[RFC] external revsets and templates

Thu Jul 14 17:22:14 EDT 2016

On Wed, 2016-07-13 at 21:17 +0100, Jun Wu wrote:
> We have similar URL concepts for [hooks] and "hg import". I wonder if the
> customized protocols like "shell:", "python:", etc. make sense to be shared
> among different places, at least "hg import".
> 
> A practical use-case is Phabricator or Patchwork integration.
> 
> Excerpts from Matt Mackall's message of 2016-07-13 13:37:08 -0500:
> > 
> > These are features we've been playing with a bit in the new review flow:
> > 
> > https://www.mercurial-scm.org/wiki/AcceptProcess#Setting_up_the_revset_helpe
> > r 
> > 
> > These have been extremely useful and I'd like to make them core feature, so
> > I'd
> > like to further iron out the syntax and feature set before moving forward.
> > 
> > Currently, external revsets works like this:
> > 
> >  [extrevset]
> >  foo = shell:some-shell-command
> > 
> > Then some-shell-command is expected to return a series of Mercurial
> > identifiers
> > (hash, rev, tag..), one per line. When "foo" is used in a revset, Mercurial
> > calls the shell command, looks up each result, and returns a corresponding
> > revset.
> > 
> > I think we should also be able to support arguments:
> > 
> >  [extrevset]
> >  cvs = shell:/path/to/lookup-cvs-rev $1
> > 
> > Then we can do:
> > 
> >  $ hg log -r "cvs(123)"
> > 
> > Also, we should allow data sources that are arbitrary URLs:
> > 
> >  [extrevset]
> >  tested = url:http://build.corp.example.com/hg-tested.dat
> >  good = url:http://build.corp.example.com/hg-passed.dat
> >  deployed = url:http://prod.example.com/hg-deployed.cgi
> >  fulltext = url:http://hg
> > -fulltext-db.example.com/query?string=$1
> > 
> > ..which will allow very easy integration with complex production automation.
> > The
> > url: piece might be redundant here? We might also allow calling Python,
> > similar
> > to how we allow it in hooks.
> +1 for removing "url:".
>  
> > 
> > My current implementation has no caching, which is usually fine. My plan is
> > to
> > cache the non-argument version for the repo object lifetime and leave the
> > argument version uncached, but the chg use case might need a better plan.
> If invocation time is negligible, I think the cache can also be implemented
> in the scripts, which would work across hg processes and have better control
> on TTL.
> 
> chg does not make the repo object persistent and it would be hard to do that
> correctly with positive perf impact. I think it's not a concern.
>  
> > 
> > External templates are very similar and allow adding data to the display
> > side
> > (including in hgweb!). Instead of simply getting a list of revisions, it
> > gets a
> > list of revision[space]description pairs. For instance, I can currently get
> > a
> > list of reviewers on draft changesets thusly:
> > 
> >  [exttemplate]
> >  reviewers = shell:ssh mercurial-cm accept/reviewed
> > 
> > ..and simply add {reviewers} to my log template. Again, this can be used for
> > many things, like displaying number of test failures, deployment status,
> > mappings to other SCMs or review tools.
> > 
> > Caching here is more important as templates get evaluated once per
> > changeset. My
> > current hack keeps a global cache, but caching per repo is probably saner.
> > 
> > Because the data format for external templates is a superset of the one used
> > by
> > external revsets, the same source can probably be shared in the cases where
> > it
> > makes sense.
> > 
> > Thoughts?
> With HTTP considered, if we respect the Cache-Control header, we may want to
> do similar stuff for "shell:", maybe by parsing stderr for special text. But
> that sounds unnecessarily complex at least for the first version.
> 
> Same as the above, I think it will be cleaner if we let the script do its
> own caching and don't think about HTTP and TTLs.
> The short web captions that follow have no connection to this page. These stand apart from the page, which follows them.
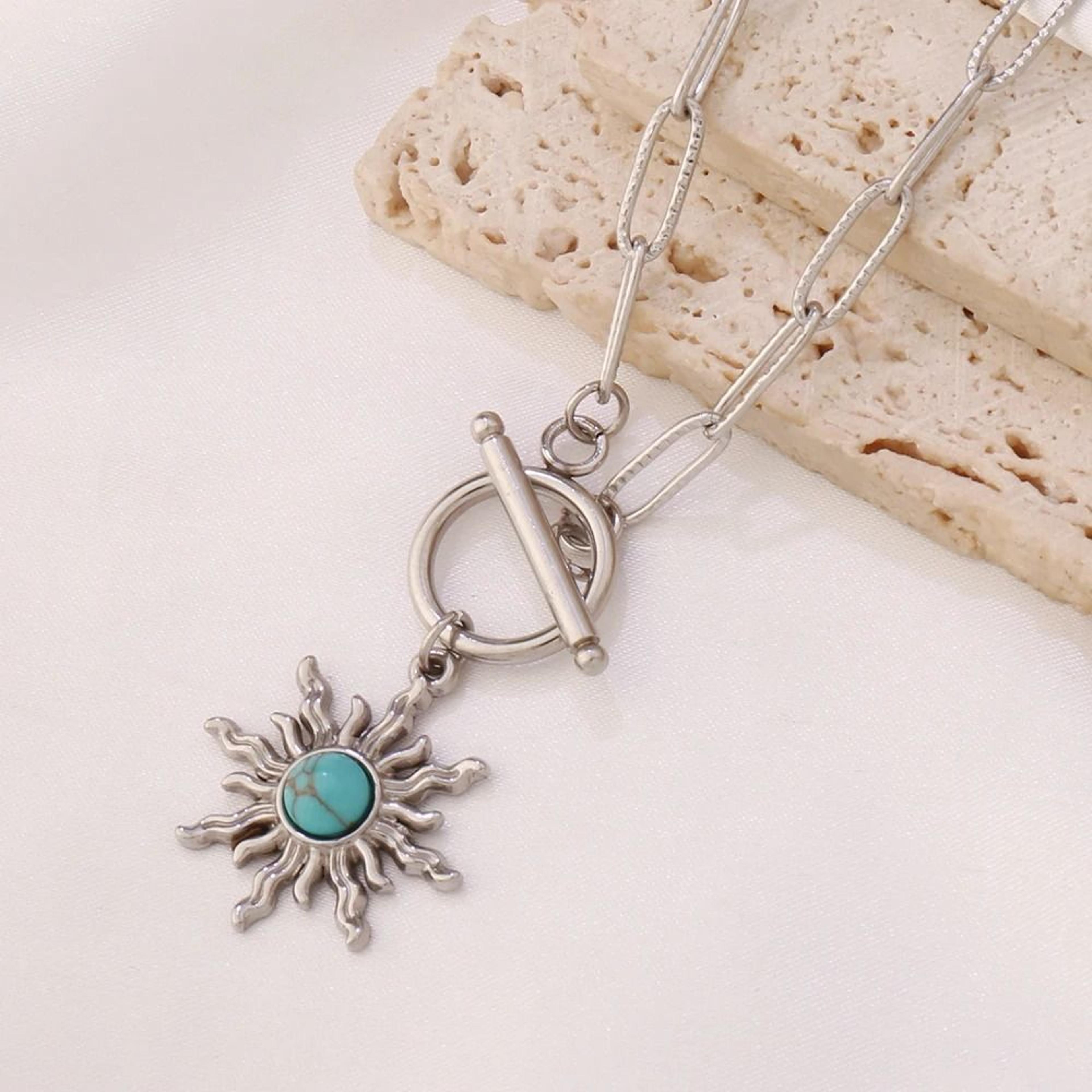 Sun Pendant Necklace Gold Turquoise Charm Stainless Steel Clavicle Chain 2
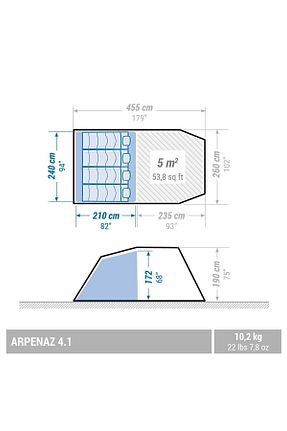 چادر آبی 4 Kişilik ve üstü Decathlon - کد 731654424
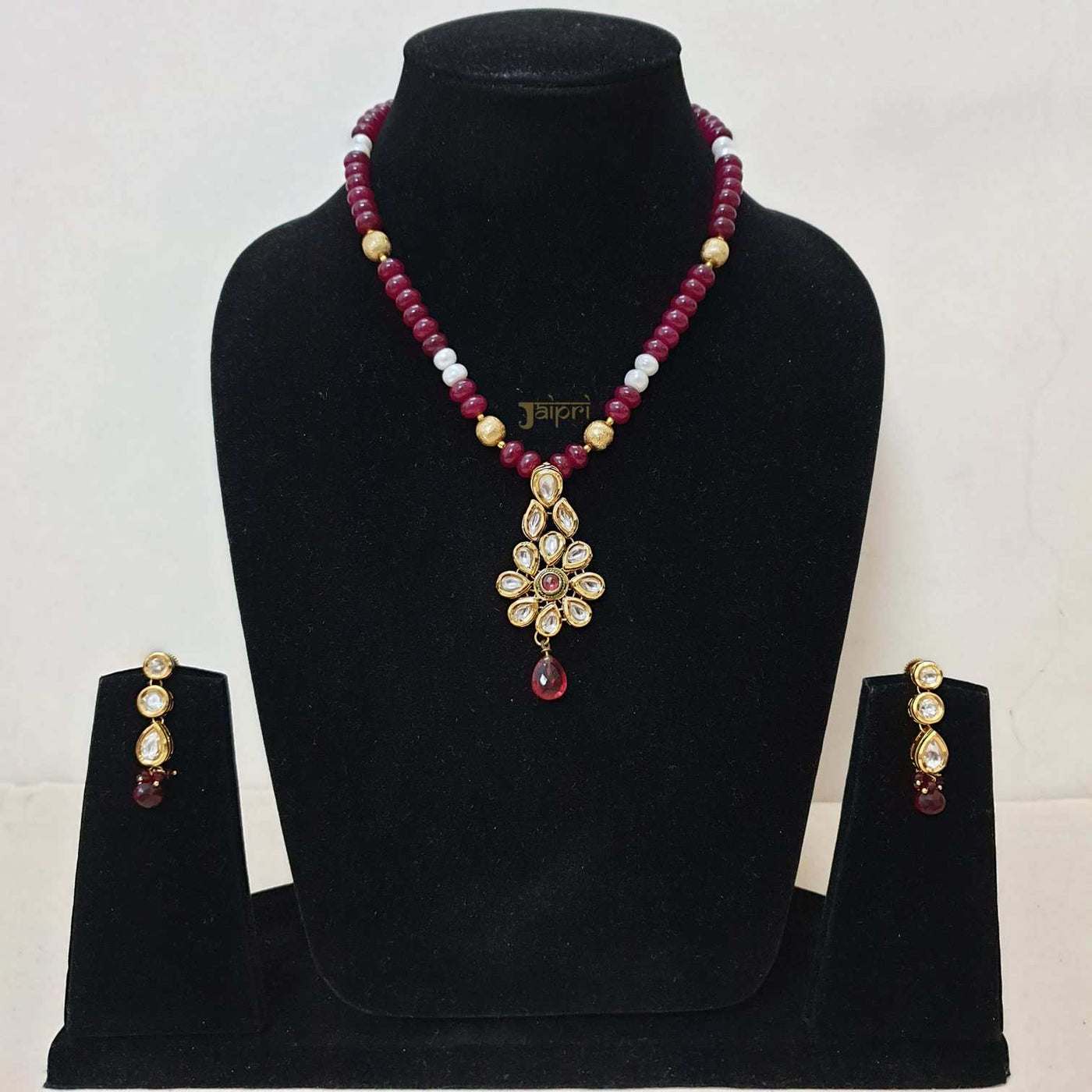 Floral Beautiful Ruby Stone Kundan Gold Pendant With Earrings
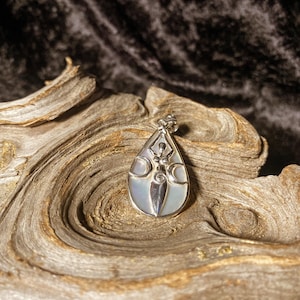 Goddess Designs / Detailed Triple Moon Goddess with Mother of Pearl Sterling Silver Pendant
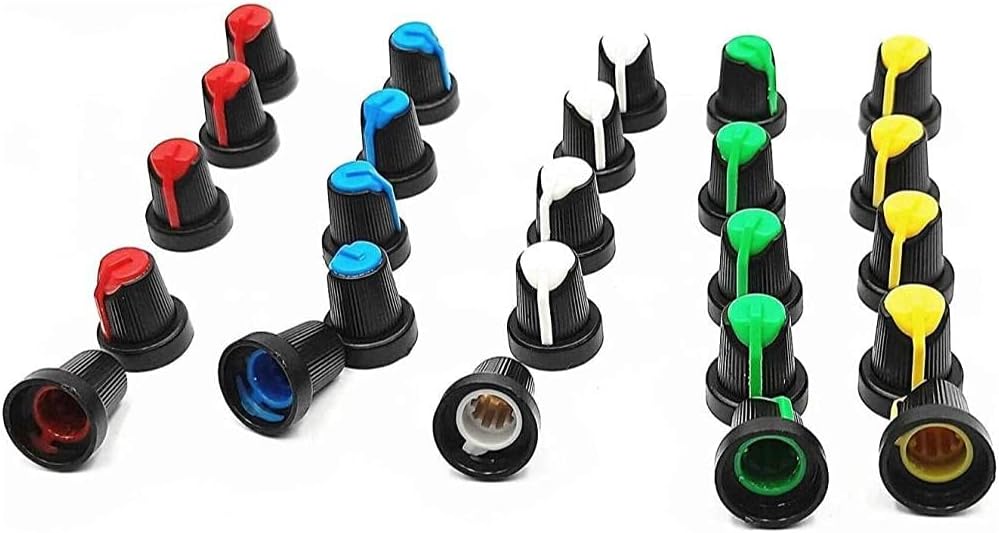Liyafy 6mm Knurled Shaft Dia Potentiometer Knob assortment Control Knob Cap 100 Pcs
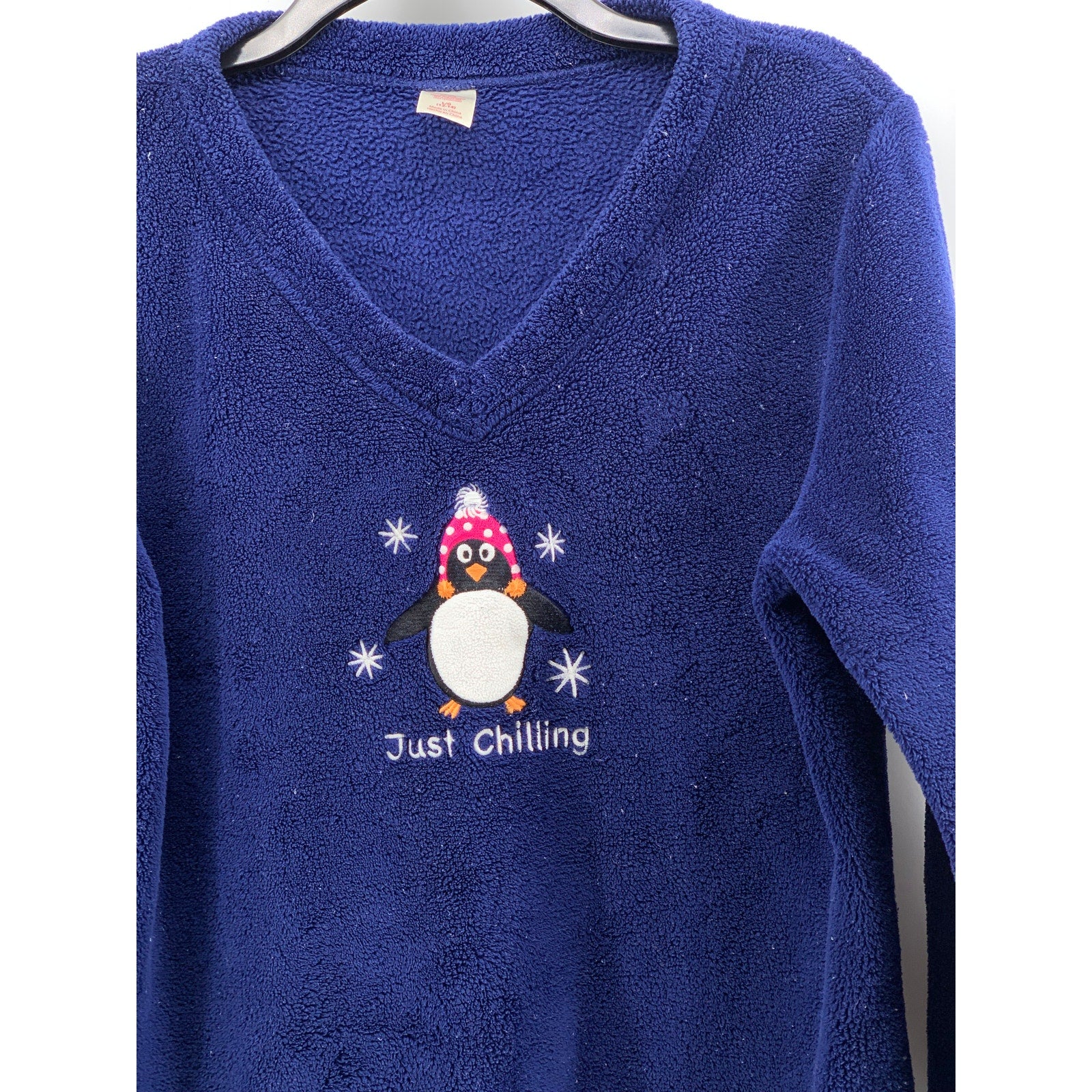 UNBRANDED Kids' Navy Fleece Just Chillin Embroidered Sweater SZ L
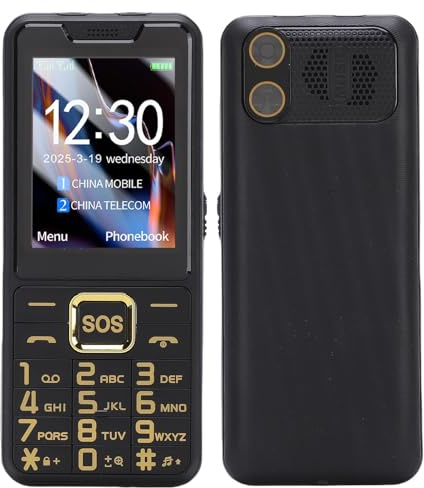 Tonysa 4G Seniors Telefon, Stora Knappar Mobiltelefon med SOS Nödkontaktfunktion och Ett Klicklampe, Stöder Röstmeddelanden för äldre (Svart)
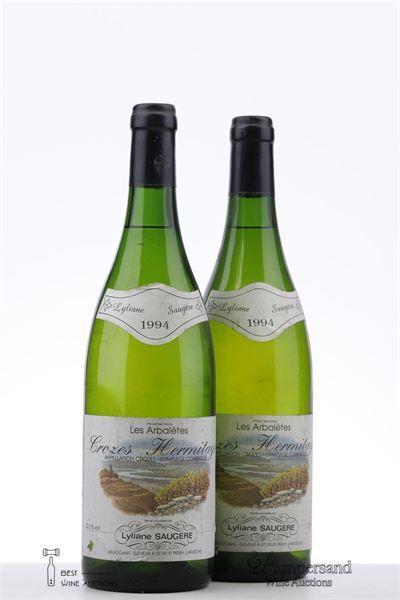 CROZES HERMITAGE BLANC LES ARBALETES 1994 - Lyliane Saugere - 2 Bottles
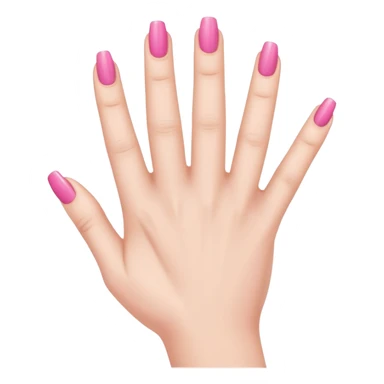 pink  close-up of a human hand with exactly five fingers, beautifully manicured nails, glossy pink nail polish, elegant nail shape, soft lighting, realistic style, isolated on transparent background" sticker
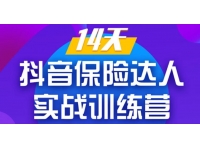 14天抖音保险达人实战训练营，手把手教你从0打造爆款短视频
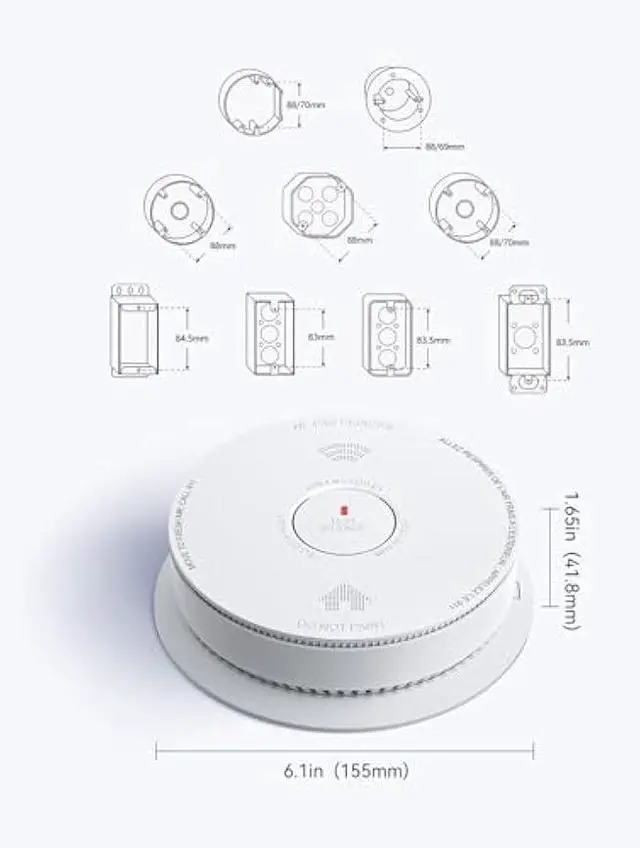 Alt view image 2 of 6 - SITERWELL Hardwired Smoke Detector Carbon Monoxide Detector 10 Year Battery, Meets UL217-9th Standards, Interconnected Smoke and Carbon Monoxide Detector Combo with Bilingual Voice Alerts, 1 Pack
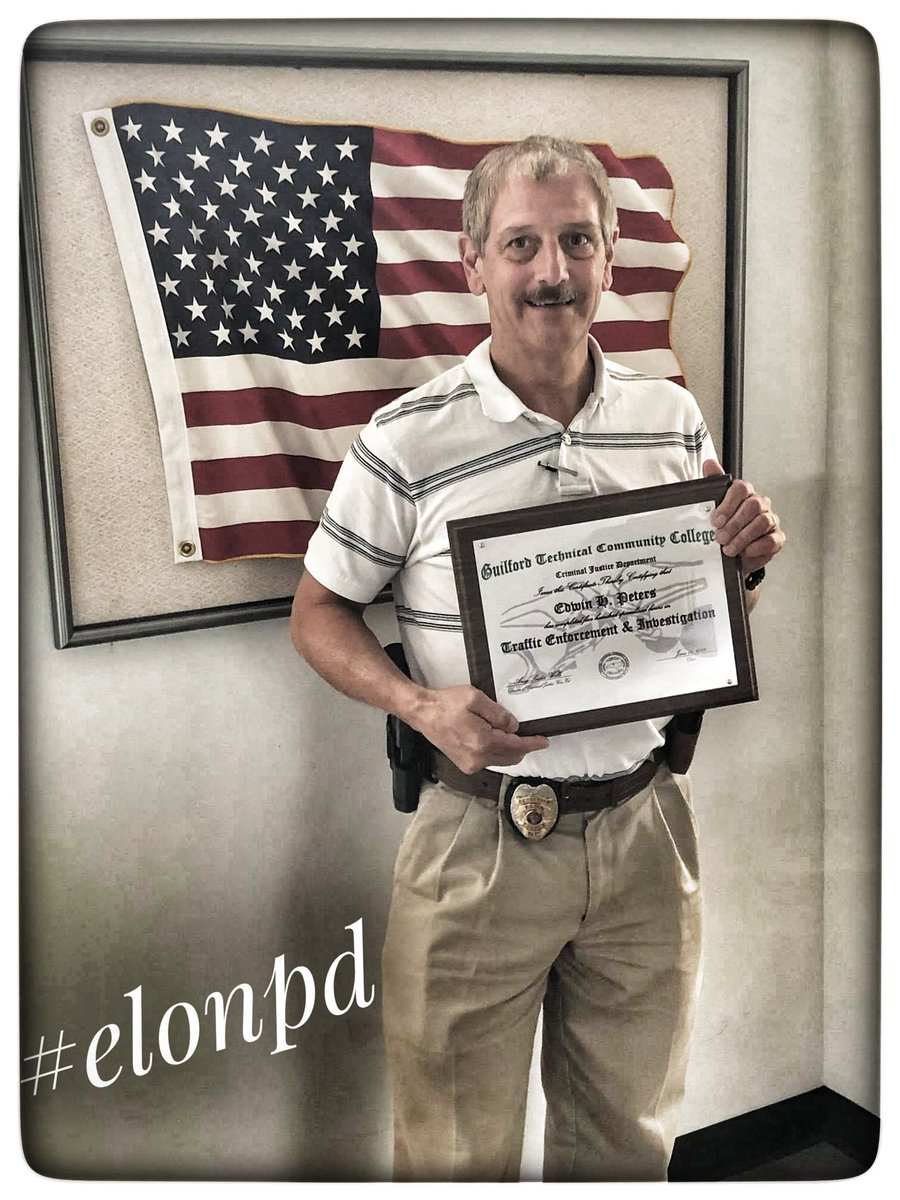 ElonPoliceDept's tweet photo. We would like to congratulate MPO Ed Peters on receiving his Traffic Enforcement and Investigation Certificate through GTCC.  This certificate requires 500 hours of traffic enforcement investigation training.  MPO Peters is also Elon Pd's accident re-constructionist.
#elonpd https://t.co/EFCaeJkb8w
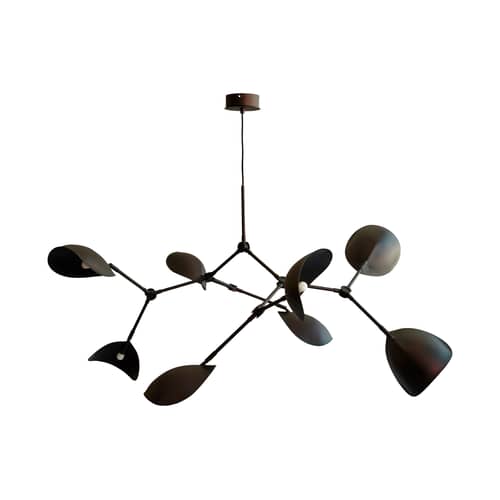 Pendelleuchte Stingray metall marmor silber schwarz / Gelenkt - 152 x 121 cm - 101 COPENHAGEN - Gebranntes Schwarz - Aluminium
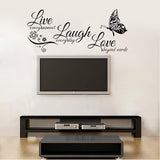 Live Love English Butterfly Wall Sticker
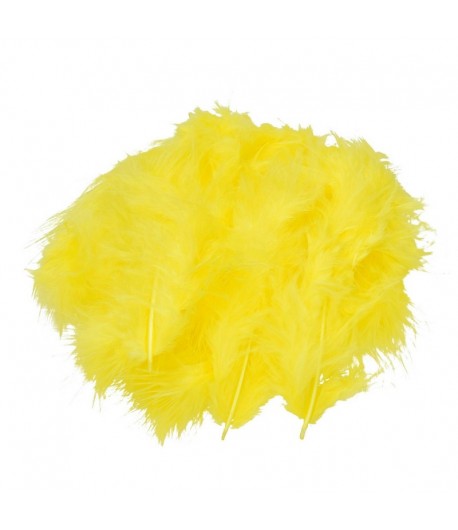 PLUMES DE MARABOUT JAUNE X 22 8/10CM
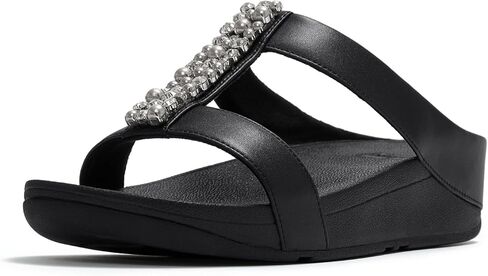شرائح على شكل حرف H من FitFlop Fino مصنوعة من اللؤلؤ والكريستال in Kuwait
We want to avoid calling out to a data source 50 times to show 50 log entries..
so we need to cache results across more than one template invocation. And since
we don't know whether a template element is needed until we evaluate a template
and we also don't want to call data sources we don't use, we need to do some
sort of caching-at-first-use.

-- 
Mathematics is the supreme nostalgia of our time.